I have four succulents that are, or soon will be, blooming. First up, a group shot...











Avonia quinaria ssp. quinaria. Doesn't look like it, but they are spiking!





Senecio sp. 'Mini Blue' with buds.





Anacampseros subnuda var. lubbersii in bloom. Sadly, these flowers will be closed within an hour or two. They only last one afternoon.





I cross pollinated a couple to see if I could get seeds.





In high light, the plant takes on a metallic purple coloring. When I mist in the morning, the water droplets look like purple gemstones. I also love that the plant is hairy.


----------



## Heather (May 31, 2011)

It's a good thing you were around today for that last one! See? There's always a silver lining, just have to hunt hard for it sometimes. :wink:


----------



## Lanmark (May 31, 2011)

Super nice! I'm anxious to see the flowers on that Senecio 'Mini Blue' and I'm curious: Does your Avonia give off scent of any kind from its flowers?


----------



## Sirius (May 31, 2011)

Lanmark said:


> Super nice! I'm anxious to see the flowers on that Senecio 'Mini Blue' and I'm curious: Does your Avonia give off scent of any kind from its flowers?



I wonder about the Senecio flowers as well. They are described as "white puff balls." Should be interesting.

I don't know about the Avonia. This will be my first time blooming them. I am pretty sure they are spiking, because they have several stems that are longer and twice as thick as the others. It's my understanding that the blooms develop at the tip of these longer, thicker stems.


----------



## W. Beetus (May 31, 2011)

Stunning blooms!


----------



## etex (May 31, 2011)

Excellent succulent collection!!


----------



## Hera (May 31, 2011)

Nice collection. I bet they don't take as long to water as the orchids.


----------



## Sirius (May 31, 2011)

Hera said:


> Nice collection.
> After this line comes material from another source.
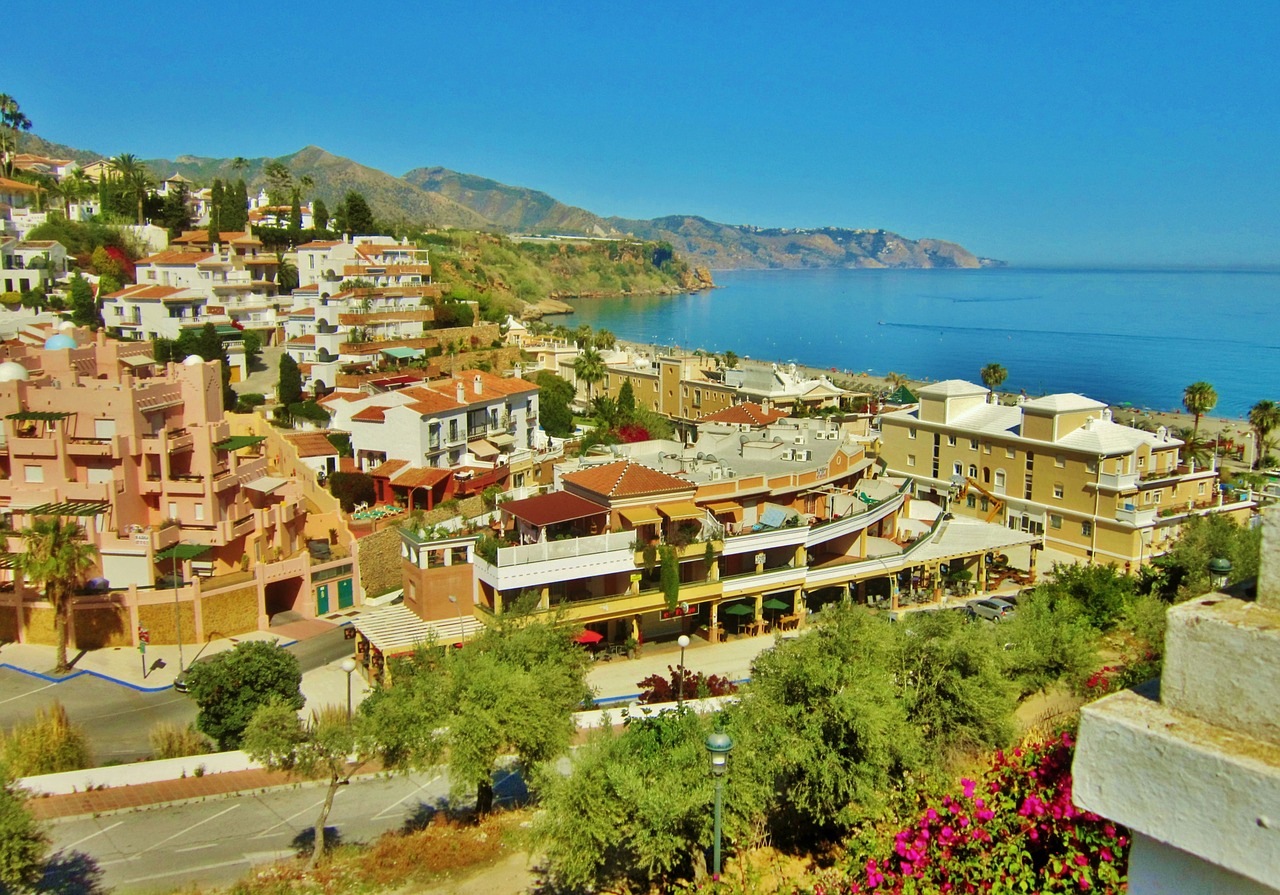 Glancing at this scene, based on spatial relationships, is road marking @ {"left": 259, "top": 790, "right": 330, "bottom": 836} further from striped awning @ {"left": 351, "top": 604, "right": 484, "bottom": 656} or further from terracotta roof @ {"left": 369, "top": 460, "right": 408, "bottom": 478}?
terracotta roof @ {"left": 369, "top": 460, "right": 408, "bottom": 478}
I bet they don't take as long to water as the orchids.



Ha, actually they take longer! I let them dry in between watering, but that just makes it harder to get them to re-absorb water. I have to fill up the top of the pot, and wait for it to soak in, then fill it up some more, and wait some more. A few of them also get misted when I mist the epicactus.


----------



## Eric Muehlbauer (May 31, 2011)

I have most of those...already posted my Avonia pix. The blooms are larger than the plant! Waiting for my Anacampseros to grow more....great blooms. My youngest son is the succulent fanatic...he has me going on ebay constantly...he's got a whole bunch more coming in the mail.


----------



## Sirius (May 31, 2011)

Eric Muehlbauer said:


> I have most of those...already posted my Avonia pix. The blooms are larger than the plant! Waiting for my Anacampseros to grow more....great blooms. My youngest son is the succulent fanatic...he has me going on ebay constantly...he's got a whole bunch more coming in the mail.
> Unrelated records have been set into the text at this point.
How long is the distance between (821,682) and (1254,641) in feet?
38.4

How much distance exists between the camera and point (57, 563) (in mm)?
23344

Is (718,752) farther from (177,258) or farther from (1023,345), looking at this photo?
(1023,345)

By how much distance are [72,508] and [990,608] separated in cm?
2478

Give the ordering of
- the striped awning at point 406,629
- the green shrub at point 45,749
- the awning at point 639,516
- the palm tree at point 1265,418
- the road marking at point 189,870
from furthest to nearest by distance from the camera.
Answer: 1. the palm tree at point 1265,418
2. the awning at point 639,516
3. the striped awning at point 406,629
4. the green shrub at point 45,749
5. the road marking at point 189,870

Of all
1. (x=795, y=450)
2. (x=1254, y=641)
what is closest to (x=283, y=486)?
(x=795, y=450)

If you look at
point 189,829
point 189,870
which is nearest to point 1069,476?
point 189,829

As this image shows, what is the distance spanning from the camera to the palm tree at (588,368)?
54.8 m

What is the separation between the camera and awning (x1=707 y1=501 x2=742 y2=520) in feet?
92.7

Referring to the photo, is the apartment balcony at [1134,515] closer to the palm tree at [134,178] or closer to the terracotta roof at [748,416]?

There are so many available species and hybrids, I feel for you. Do you ever have to reign in his buying, or does he pace himself? 
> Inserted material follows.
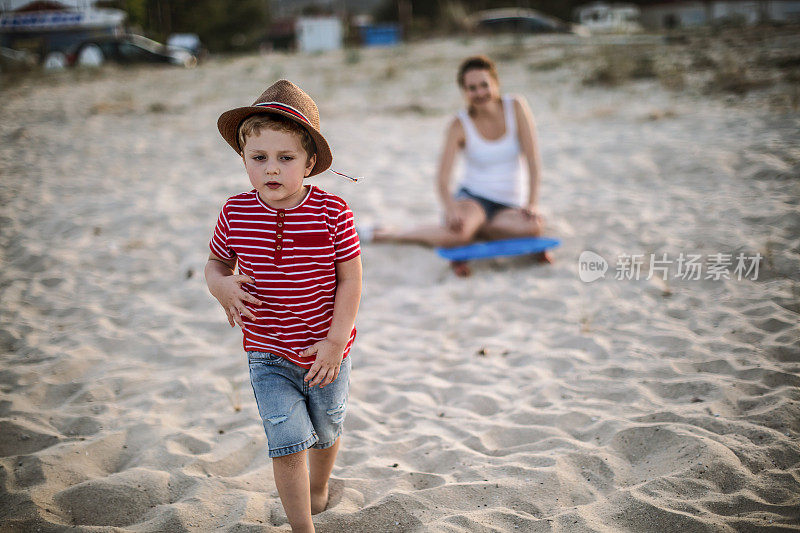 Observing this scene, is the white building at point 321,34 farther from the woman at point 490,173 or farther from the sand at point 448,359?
the woman at point 490,173

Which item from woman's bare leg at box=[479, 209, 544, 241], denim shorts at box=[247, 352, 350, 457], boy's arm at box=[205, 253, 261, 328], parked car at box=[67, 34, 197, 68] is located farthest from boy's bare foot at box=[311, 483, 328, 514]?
parked car at box=[67, 34, 197, 68]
I saw your Avonia pics. I love it, I just hope I can keep it alive. Mine is the pink flowered form, but I have the white flowered form on my wish list. 

Succulents are the only plant family that I have the ability to acquire slowly. I only buy species, and only if they truly win me over. My wish list is so small, Avonia alstonii and Kalanchoe marmorata.


----------



## Eric Muehlbauer (Jun 1, 2011)

I haven't tried to rein him in, because I want to encourage his enthusiasm. I also know that he's happy when he gets into these plants and asks me about getting him others. Plus, they are a hell of a lot cheaper than orchids! A whole order of succulents is still no more than the cost of an individual orchid, much of the time. I did splurge on a Welwitchia for him...I feel that I owe it to him. I had gotten a bunch of seeds from Aaron Hicks a while back...successfully germinated them, but couldn't keep them alive. This way we may have a better chance at success.


----------



## Sirius (Jun 1, 2011)

Is he reliably taking care of them, or do you have to remind him? oke: It's good that he is taking an interest in plants. I bet most of us here had some sort of early introduction to plants, and it followed us into adult hood. 

Can you throw out some names of some of the neat miniature and compact growers that you have Eric? I like to grow under supplemental T5 lighting, and the taller ones all seem to start growing away from the light after a certain height.


----------



## Marc (Jun 1, 2011)

Sirius said:


> Is he reliably taking care of them, or do you have to remind him? oke: It's good that he is taking an interest in plants. I bet most of us here had some sort of early introduction to plants, and it followed us into adult hood.



/me signs up for the "I got indoctrinated with Orchidfever by my parents" club


----------



## Eric Muehlbauer (Jun 1, 2011)

While I'm doing the work, he's monitoring the plants and telling me what to do. Since I'm dealing with plants all the time, its no big deal for me. As for these mini succulents, he just showed me his Pseudolithos cubiformus, a tiny (1") cube, a stapeliad with at least 2 clusters of flower buds. Of course I'll post photos when they open. Next to it is P. miguritinus, which is round rather than cuboidal...looks just like a puffball. He's got a whole range of small Euphorbia's and Crassula's. On a larger scale, he's really into Alluaudia's (Madagascar is a big fixation for him, topic of one of his major college papers this term) and he discovered a miniature one on ebay...the infinite source of his succulents.


----------



## biothanasis (Jun 2, 2011)

Very cute all!!


----------